### REQUIRED ACTION
Go through the entries below and print each one exactly, leaving out pictures.

Caption-style text data:
----

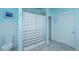 Light blue bathroom featuring a shower with a striped curtain and modern fixtures at 619 Thomas Glenn Ct, Charleston, SC 29412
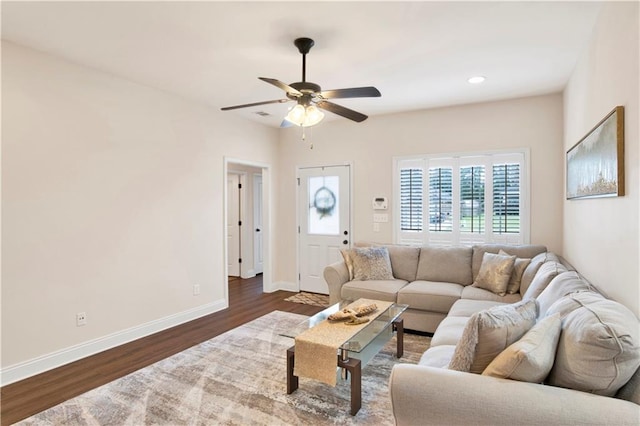 living room with dark wood-style floors, recessed lighting, ceiling fan, and baseboards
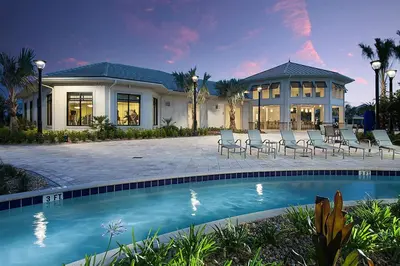 a house with a swimming pool in front of a house at Cozy Condo Only 6 Minutes From Disney World in Kissimmee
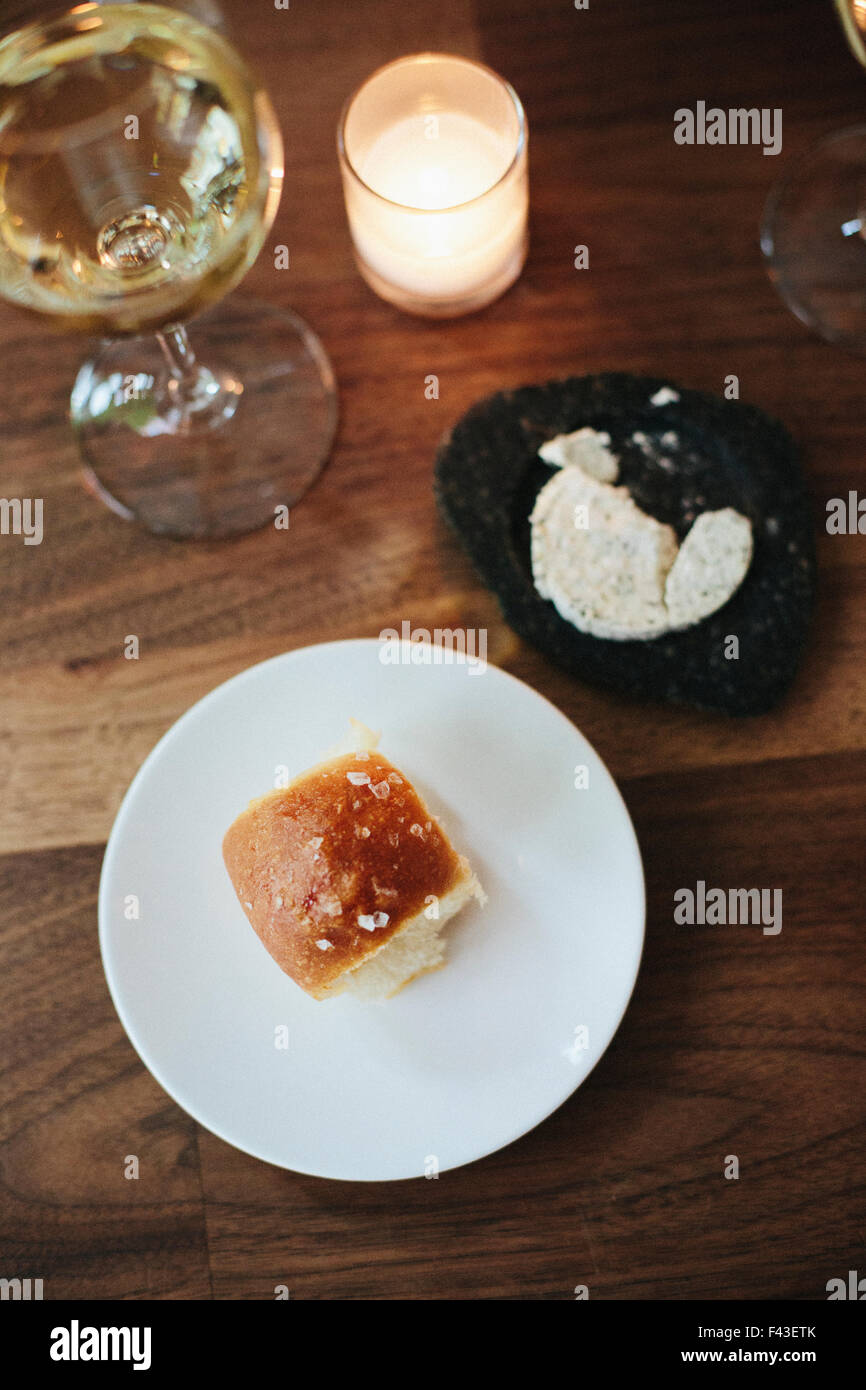 Teller mit Brötchen, Kräuterbutter und Glas Wein in einem Stadtrestaurant. Stockfoto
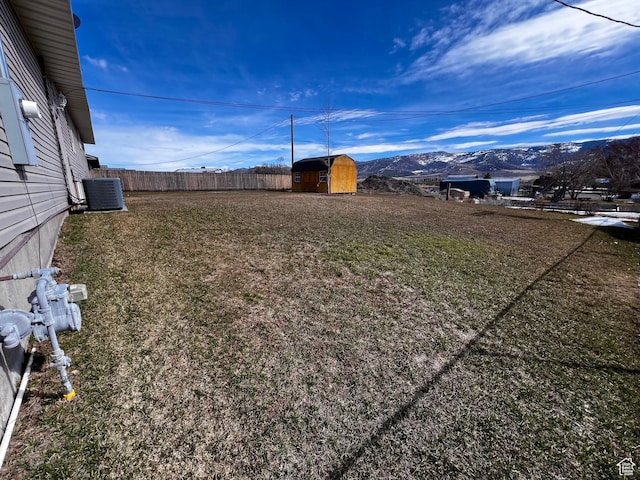 404 N 1st E, Grace, ID 83241 - view of yard with an outbuilding, central air condition unit, fence, a mountain view, and a storage shed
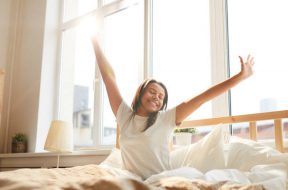 Portrait of beautiful Mixed-Race woman stretching sitting in bed lit by sunlight, copy space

----

### SOLUTION TO THE EXERCISE
 Light blue bathroom featuring a shower with a striped curtain and modern fixtures at 619 Thomas Glenn Ct, Charleston, SC 29412
 living room with dark wood-style floors, recessed lighting, ceiling fan, and baseboards
 a house with a swimming pool in front of a house at Cozy Condo Only 6 Minutes From Disney World in Kissimmee
 Teller mit Brötchen, Kräuterbutter und Glas Wein in einem Stadtrestaurant. Stockfoto
 404 N 1st E, Grace, ID 83241 - view of yard with an outbuilding, central air condition unit, fence, a mountain view, and a storage shed
 Portrait of beautiful Mixed-Race woman stretching sitting in bed lit by sunlight, copy space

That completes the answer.